Orange Fire Chief David Frenzel last week saw a photograph and “information” on the Internet about hand sanitizer bottles catching fire in a hot car in the summer.
“I didn’t understand how it could get that hot,” he said about the sanitizer.
Frenzel said he has carried a bottle of hand sanitizer for years in the console of his pickup truck. Occasionally the bottle swelled in the heat. “It never exploded. It never affected the hand sanitizer,” he said.
The Facebook post about hand sanitizers showed a burned area of the storage pocket on the side of driver’s door. Some fire departments across the country even shared the post, saying the alcohol in the sanitizer could catch fire spontaneously from the summer heat inside a car.
But, like many social media posts, it wasn’t true and accurate. The information received so much attention during the past week that the National Fire Protection Association made a special video and disseminated correct information.

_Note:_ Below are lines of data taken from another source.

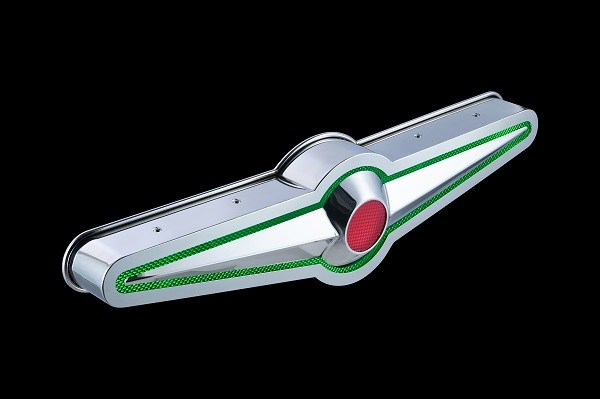 ●UD バスマーク 大 アンドン 丸棒巻き8mm ステンレス鏡面 行灯 鏡面 ステンレス LEDライト付き デコトラ:U-緑拍卖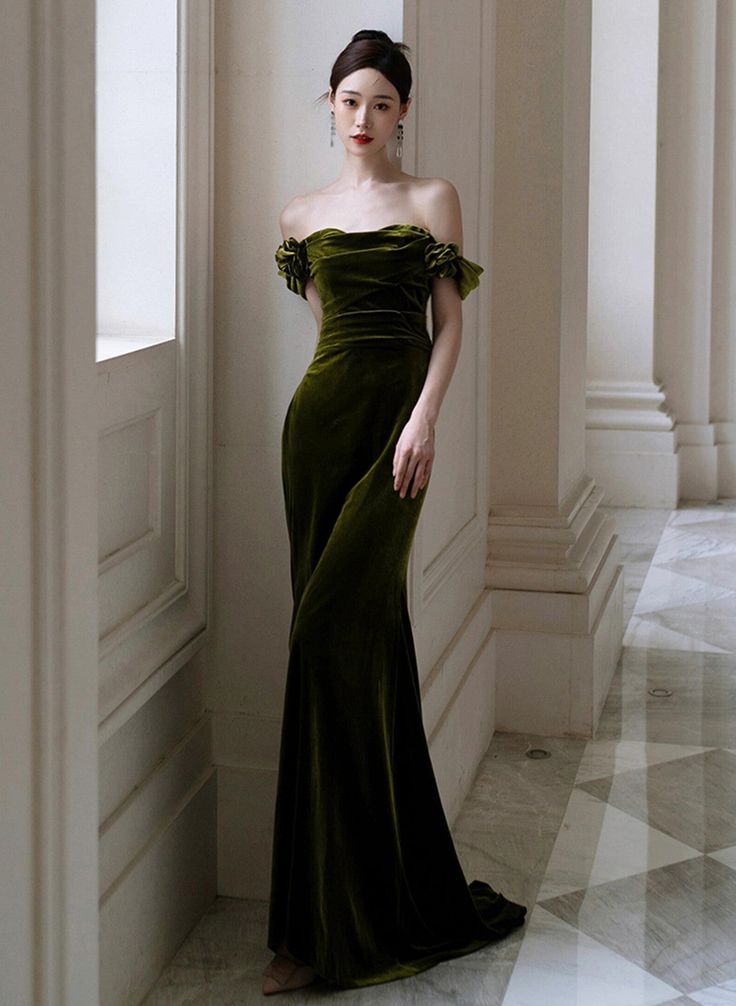 Dark Green Mermaid Velvet Off Shoulder Party Dress, Dark Green Prom Dr formalgowns Dark Green Mermaid Velvet Off Shoulder Party Dress, Dark Green Prom Dr formalgowns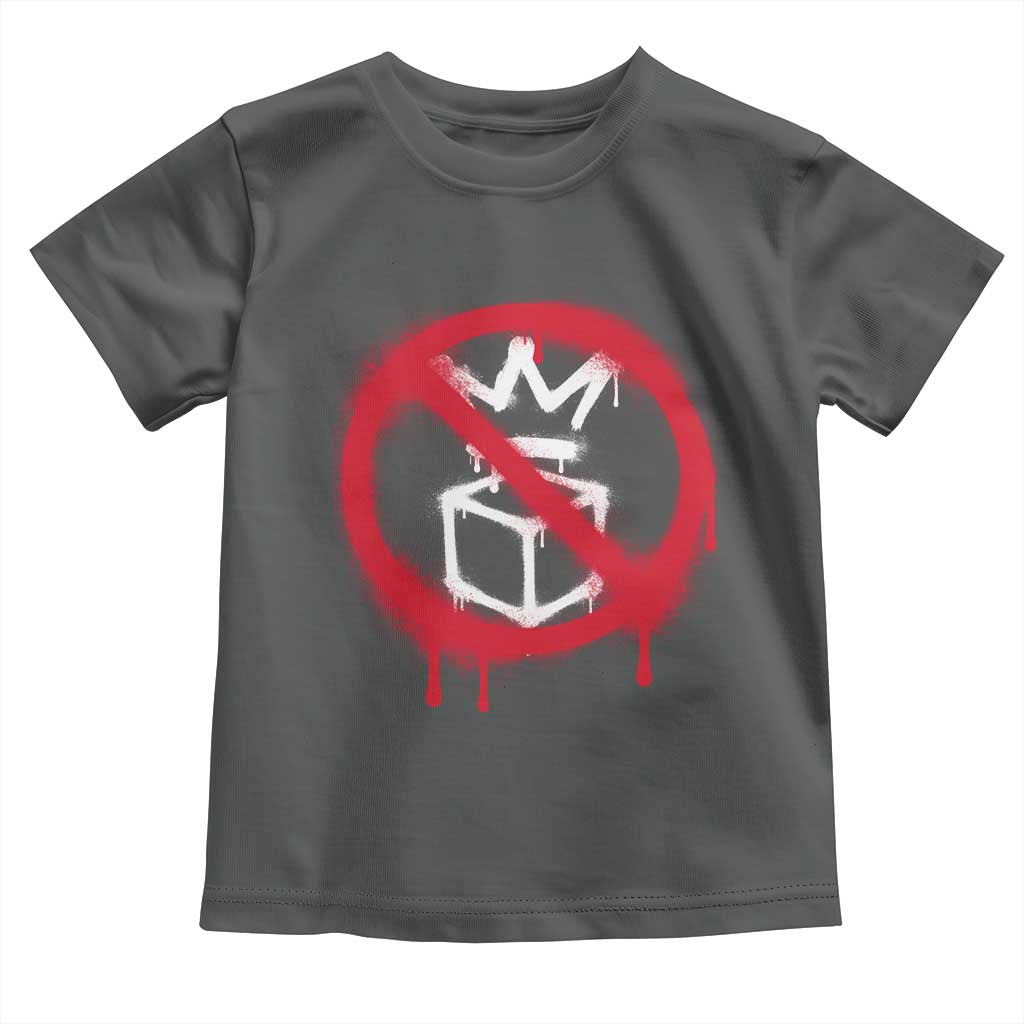 No Kings No Ice Protest Toddler T Shirt Vintage Political Stop Sign Graffiti Graphic TS11 Dark Heather Print Your Wear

Guy Colonna, director of technical services with NFPA, said the alcohol in hand sanitizer can catch fire with contact to a flame or an electrical spark. But a bottle of hand sanitizer cannot “ignite from heat alone independent of flames,” he said.
The temperature inside a vehicle in the summer sun can reach about 150 degrees Fahrenheit, though in Southeast Texas it may seem hotter.
Colonna said hand sanitizer would need to be heated to more than 700 degrees Fahrenheit to combust on its own. The alcohol in sanitizer might vaporize in a hot car, he said. However, the most harm the vapors would do is pop off the top of a bottle.
The pressure from the vapors was what swelled Frenzel’s hand sanitizer bottle.
People need to be careful using hand sanitizer near an open flame like a barbecue grill. Colonna said large quanities of stored hand sanitizer of more than five gallons need special precautions.
The bottle of hand sanitizer you keep in your SUV, though, is safe for the summer.